At Dragon Hill, I realised a residency was capable of creating moments when distance was allowed between my mind and the world around me. One thing that has grown out from this rare distance is the questions I’m asking about residencies in this article, questions I haven’t thought about until a residency gave me space and time to do so. In Rachel Cusk’s novel Second Place (2021), a tribute to art philanthropist Mabel Dodge Luhan’s 1932 memoir about the Taos art colony in New Mexico, the narrator explains that a sojourn in a marshland cottage is ‘where artists often seem to find the will or the energy or just the opportunity to work’. For many people who are forging paths for themselves in today’s artworld, residencies hold the weight of more complex needs, desires, hopes and precarities.
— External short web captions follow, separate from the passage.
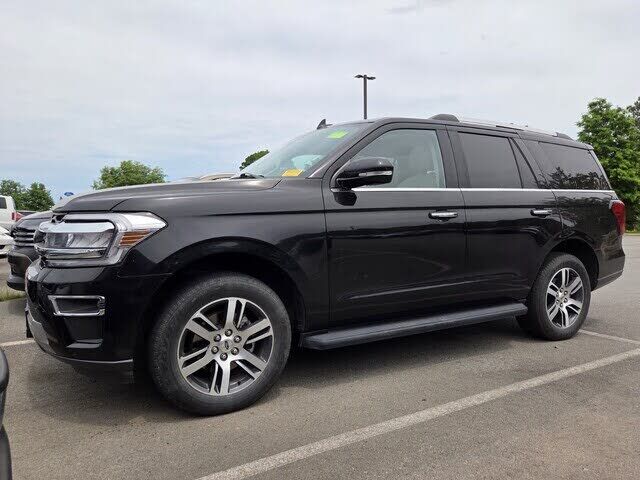 2024 FORD Expedition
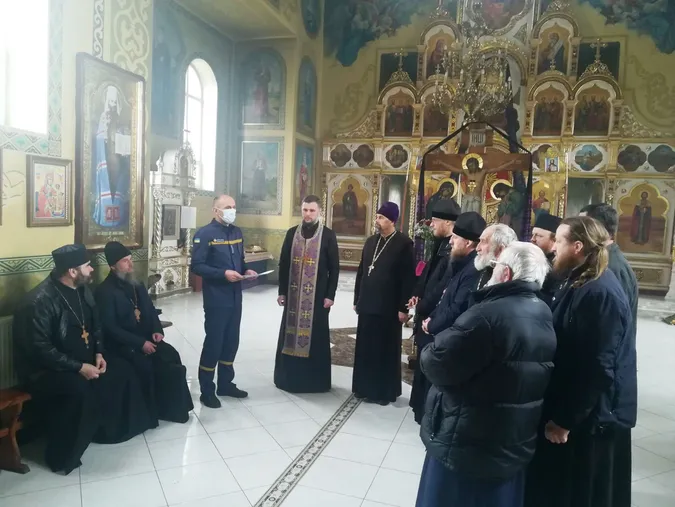 На Волині священникам показали, як користуватися вогнегасниками (фото)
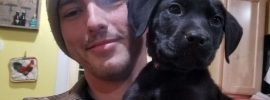 Nepočujúci mladý muž si z útulku adoptoval nepočujúceho psíka a naučil ho znakovú reč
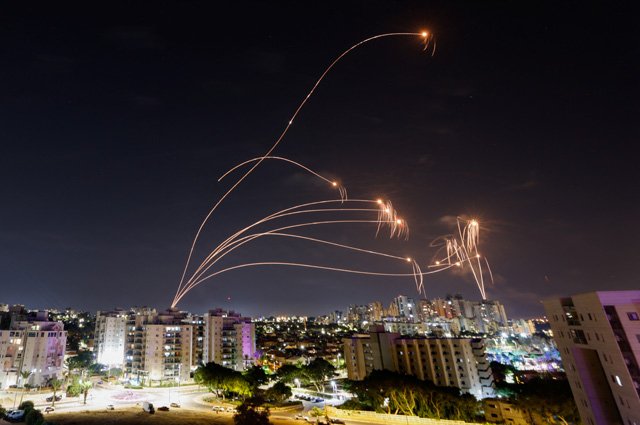 Израильская противоракетная система «Железный купол» перехватывает ракеты, запущенные из сектора Газа.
We start dreaming about becoming something-in-residence while still in art schools, churn out one after another application as we scrape by and believe that flying off to a renowned residency means we’ve finally made it. Providing basic resources for the survival of creative and critical practices, residencies are also entangled in the multifaceted game of cultivating connections, accumulating credits and climbing the career ladder in the artworld. How do we engage with the complexities of residencies, and how do we shape them, so they spark and sustain the drive to make art, write about art and ask questions about art?